WikiIndaba conference 2018/Submissions/Growing Wikipedia Across Languages via Recommendation Systems

From Meta, a Wikimedia project coordination wiki
Submission no. 005
Title of the submission

Growing Wikipedia Across Languages via Recommendation Systems

Type of submission (lecture, panel, tutorial/workshop, roundtable discussion, lightning talk, birds of a feather discussion)

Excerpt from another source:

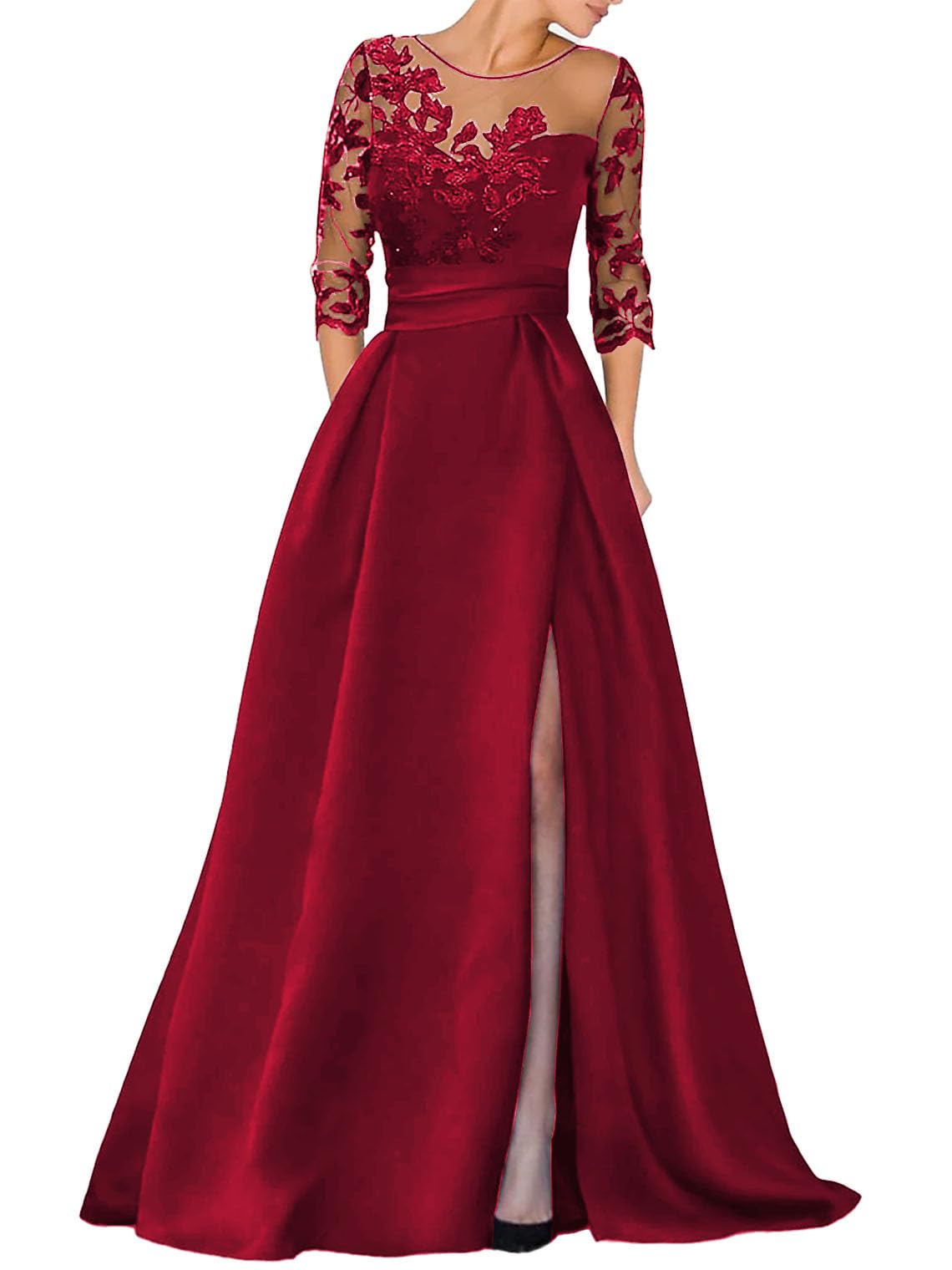 V-Ausschnitt Langarm Spitze Perlen Top A Linie Gothic Schwarzes Brautkleid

Note: I find the most effective type of session for this kind of presentation as an interactive lecture where I can present for 20-25 min the state of the research and then open up the floor for discussions to learn how we can use and expand the current technologies and the state of research to help the specific needs of Wikipedia/Wikimedia in African languages and Africa related content in all languages.

Author of the submission

User:LZia (WMF)

This research is a joint work with Robert West (EPFL), Tiziano Piccardi (EPFL), Michele Catasta (Stanford University), Diego Saez-Trumper (WMF) and Jure Leskovec (Stanford University).

Language of presentation


E-mail address


Country of origin
United States
Affiliation, if any (organisation, company etc.)
Wikimedia Foundation
Personal homepage or blog
User:LZia (WMF)
Abstract (up to 300 words to describe your proposal)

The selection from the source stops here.